Oct 15, 2005 22:41
sooooo, like many a time before, i had sortof decided that i was abandoning the whole lj thing, but never got around to making that final step to delete my account. and then between august 3rd and now all this shit went down in my life, and i evaporated from the lj scene once again. tonight i decided to read what was going on in my friends lives, and so, only because this thing keeps me up to date with all you people who post regularly, ima keep lj for now. so, now that i know that sarah has a dumb teacher and an awesome radio show, jamie is timesharing it up and having affairs with adrian, chelsea is moving around as much as i am, kari is surviving finals at school, bahareh got internet at davis, chrissy hates mr. carter (lol, me too sista!), nikki is of course doing mahvelously at viscom, and john will soon be designing adobe products rather than using them, i'll fill you all in on the past two and a half months, as briefly as possible:
aug. 3rd: came home from 3 hellish weeks at camp as program director, mom told me that i couldn't go back to saic and chicago because she wouldn't sign on my student loans. i called nikki and mary and told them that i wasn't coming back, called kim and got her to take my place in the apartment there with them.
aug. 18th: started classes at Vista Community College in Berkeley, after taking horrible math placement tests and freaking out about how i was going to get the 60 transferable credits i need to go to a uc or a csu, in two semesters, after finding out that uc will only accept around 12 of the 30 no-grade credits i earned at saic last year.
sept. 1-5th: visited nikki, mary and kim in chicago. packed up all my stuff that i had left there over the summer, visited my old job that i had been planning to return to. nikki and i had a nice time together, but mary was wrapped up in her boyfriend, and kim was basically rude to me the whole time, constantly referring to the fact that i didn't live there, she did, which i wasn't expecting and really upset me. highs point were having ice cream with leda and colette, some other friends of mine from school there, and taking nikki to the doctors(lol), other than that, i felt pretty shitty because it all just felt so fucked up, like something that's just not supposed to be happening.
sept.10th: moved into a 115 year old victorian house in yuppie north berkeley with william and erik.
sept. 23rd: erik told me that these three 30-something-yrold homeless hippie friends of his from eureka were coming down for the greatful dead show in S.F. that weekend and that they were going to stay with us for a night or two. they ended up staying for a week, and used our kitchen to make a thousand dollars worth of pot chocolates that they sell to support themselves and the van they live out of. erik and i got into a huge fight, william and i made plans to break our lease and move because erik does wayyy too many drugs.
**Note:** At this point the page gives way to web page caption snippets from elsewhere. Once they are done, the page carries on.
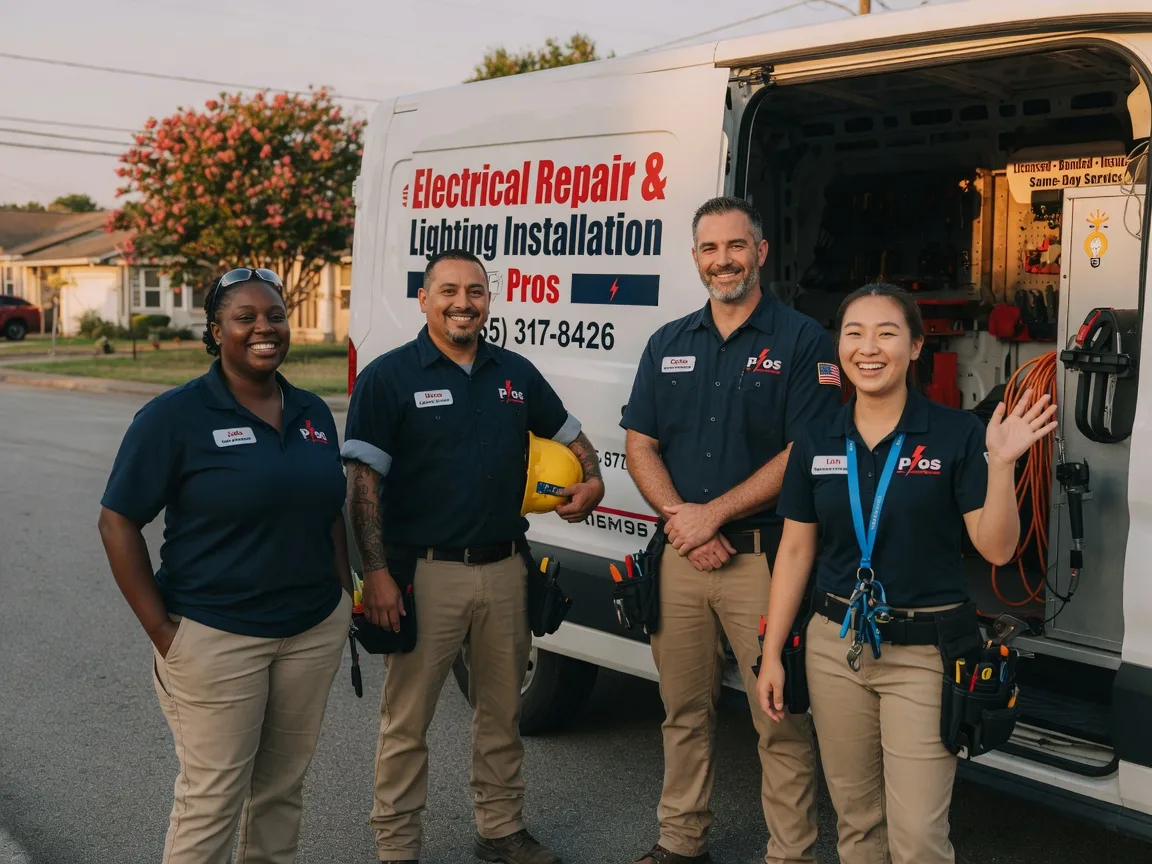 Licensed Electrician company in Follett, TX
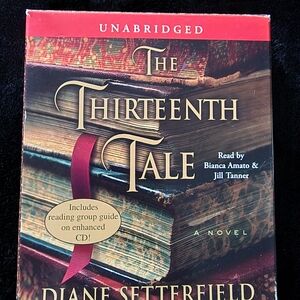 The Thirteenth Tale Unabridged Audiobook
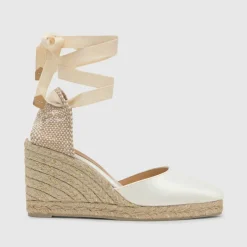 Heels|Dr. Martens Castañer Women's Joyce Satin Espadrille Sandals - UK 3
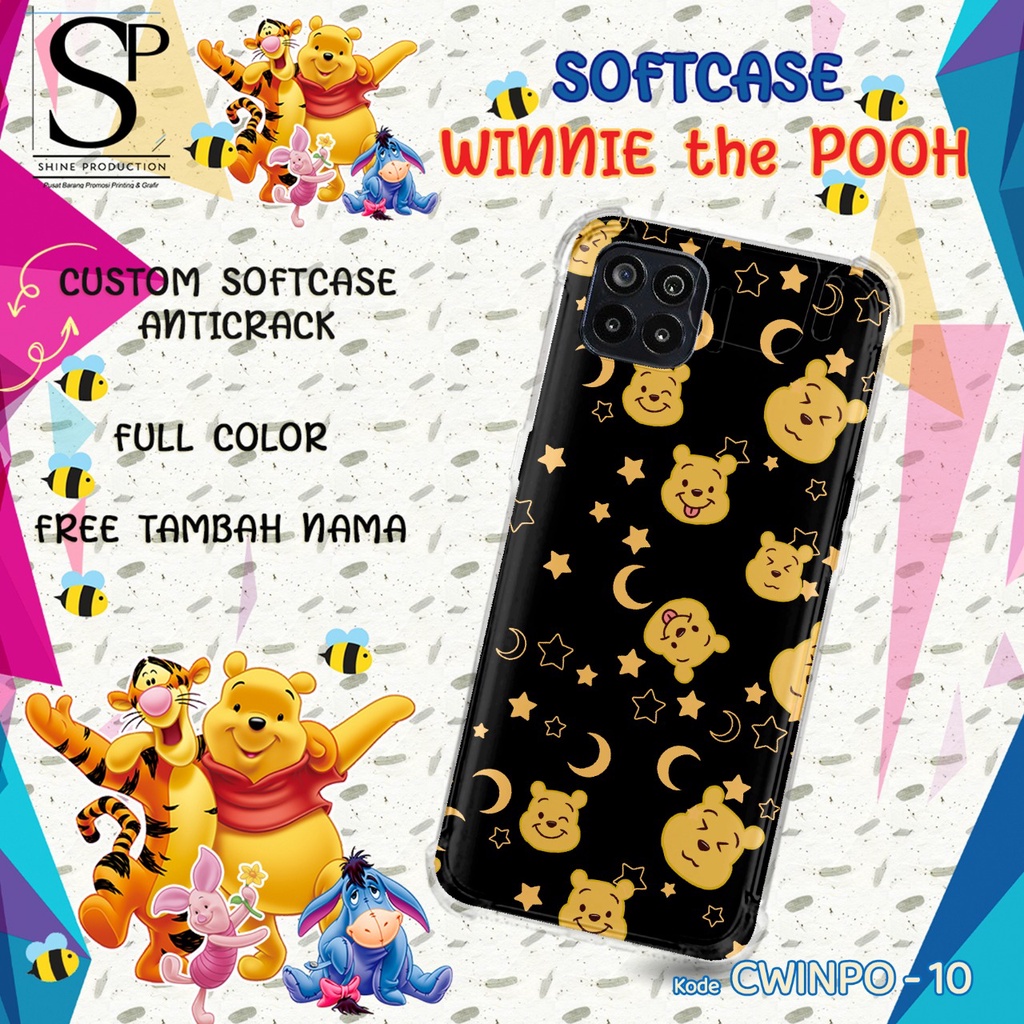 Softcase Winnie The Pooh For Realme C35 C31 C30 C25Y C21Y C21 C20 C11 2021 C17 C15 C12 C11 C2 C1 C25 C25s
oct. 2nd: moved back home. mom told me that she wants me to live at home for the rest of the semester because moving is too disruptive for my studies (i'm taking 20 credits this sems.)
oct. 13th: william and i found the perfect apartment, which is, of course available now. so now i have to try and talk my mom into letting me move again, if everything were to work out.
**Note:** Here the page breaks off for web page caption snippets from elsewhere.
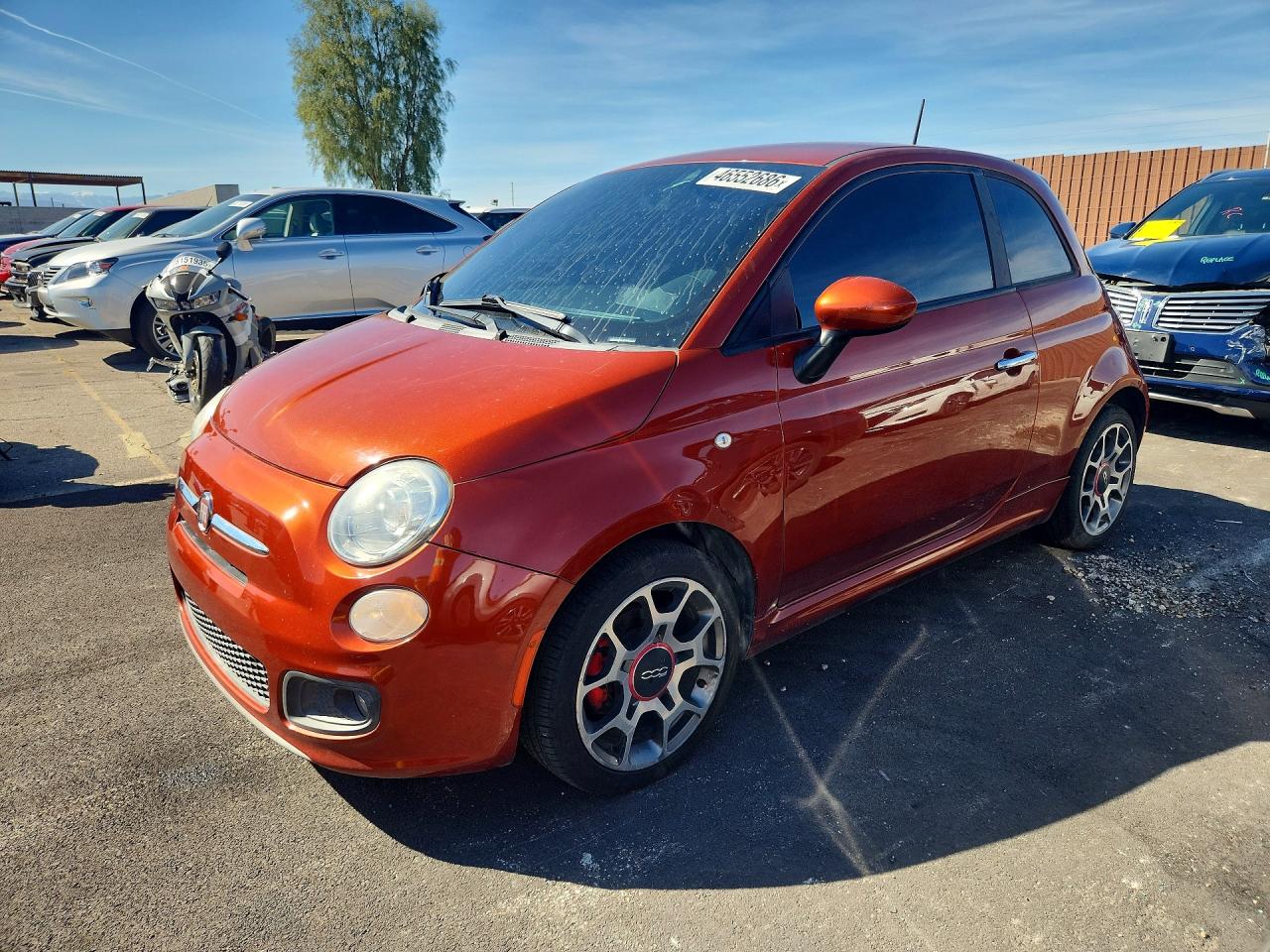 FIAT 500 2012
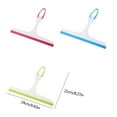 thumbnail image 3 of Uanit 3 Pc Home Window Cleaner Rubber Squeegees Pack Of Streak Handheld Squeegee Wiper Cleaning Tool For Washing Shower Door Bathroom Kitchen Glass Car, 3 of 9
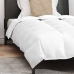 Katteriide Komplekt Padjaga 2 Pcs Valge 135 X 200 Cm Udusuled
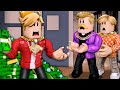 SPOILED Brother Made FAMOUS Family POOR! (A Roblox Movie)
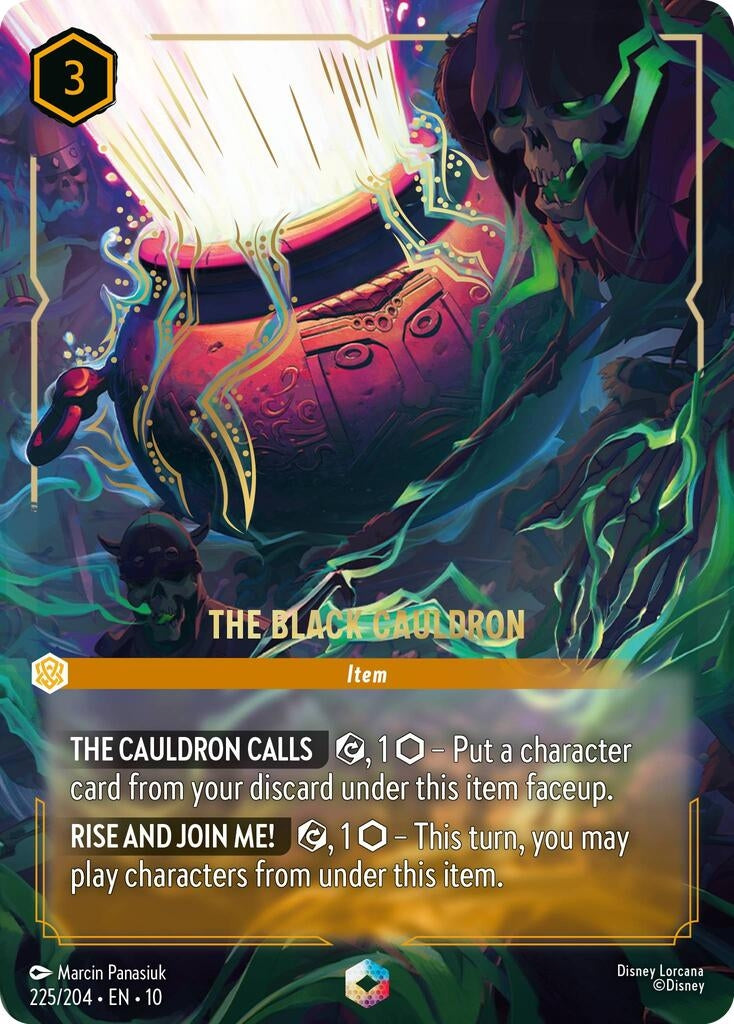 The Black Cauldron (Enchanted) (225/204) (10)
today: dave and i had a pseudo fight(one where he bitches about me to mom within my earshot, but refuses to actually say anything to my face), so that pissed me off. i just can't seem to settle anywhere comfortably. probably because i feel like i shouldn't be here right now, and i don't know where i want to be, considering my friends, my education, my vague career goals, my life path, blah blah blah.
sooo, i guess you could say, i've gone from being super angsty and just plain angry and frustrated to stressed out into submission and numbness. i've never been one to stay angry for long periods of time, but i still just feel lost and like i'm constantly grasping for things that are just out of reach.
so most of you know that i just use this thing to vent, etc., so i give no guarantees of becoming a regular post-er or anything liek that, but i'll try and keep up with your posts, just so i know what's going on with each of you.